One activity that has a huge benefit for people with dementia is gardening and it is something we encourage our service users to do with their carers or members of their family.

Planting, pruning, digging, sweeping and weeding are just some garden activities that can improve dexterity skills and are a great form of exercise for those that are mobile enough to do them.

With a carer or family member, a person with dementia can benefit cognitively from gardening too through the planning stages, deciding what seeds to sow, what vegetables to grow or how they want the overall garden to look if you’re giving it a complete makeover.
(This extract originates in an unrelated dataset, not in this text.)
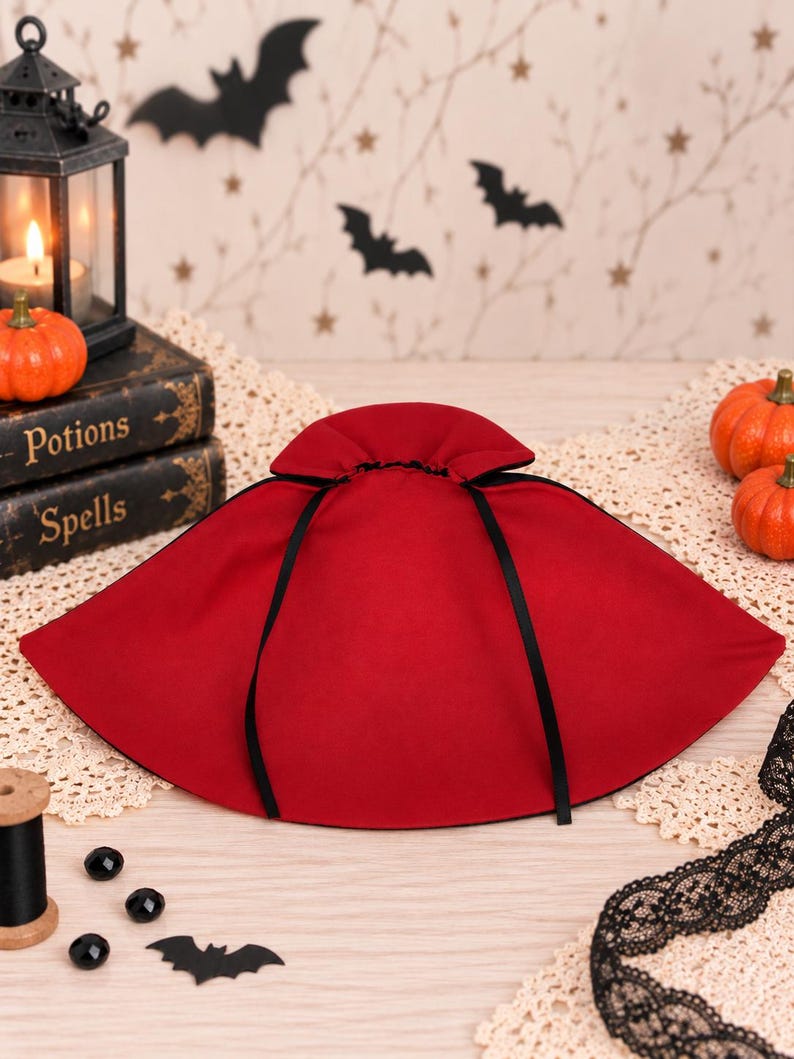 May include: A deep red cape featuring a high, gathered collar and thin black ribbon ties. The garment is constructed from a solid-colored fabric and displays a wide, semi-circular silhouette that drapes outward from the neck area.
Maintaining a garden gives a person with dementia a task to focus on every day/week as ongoing jobs such as watering and pruning need doing.

It’s a great activity for people to do together, improving social interaction and spending quality time together in the great outdoors.

It is not all back breaking work and digging though, gardening can be great for wellbeing and mindfulness. It can also distract, engage and help focus a person with dementia.

Gardening is also fantastic for stimulation of the senses, there are lots of wonderful smells emitting from flowers, herbs, grass and even soil and the colours and light can really spark the imagination. There’s also the sensation of touch, of soil or plants in your hands as you plant them, and fantastic sounds too such as birdsong, rustling of leaves in the wind and the odd sounds of wildlife.

It’s the perfect place to sit and relax, for a person with dementia to reflect and just feel a sense of calm wash over them.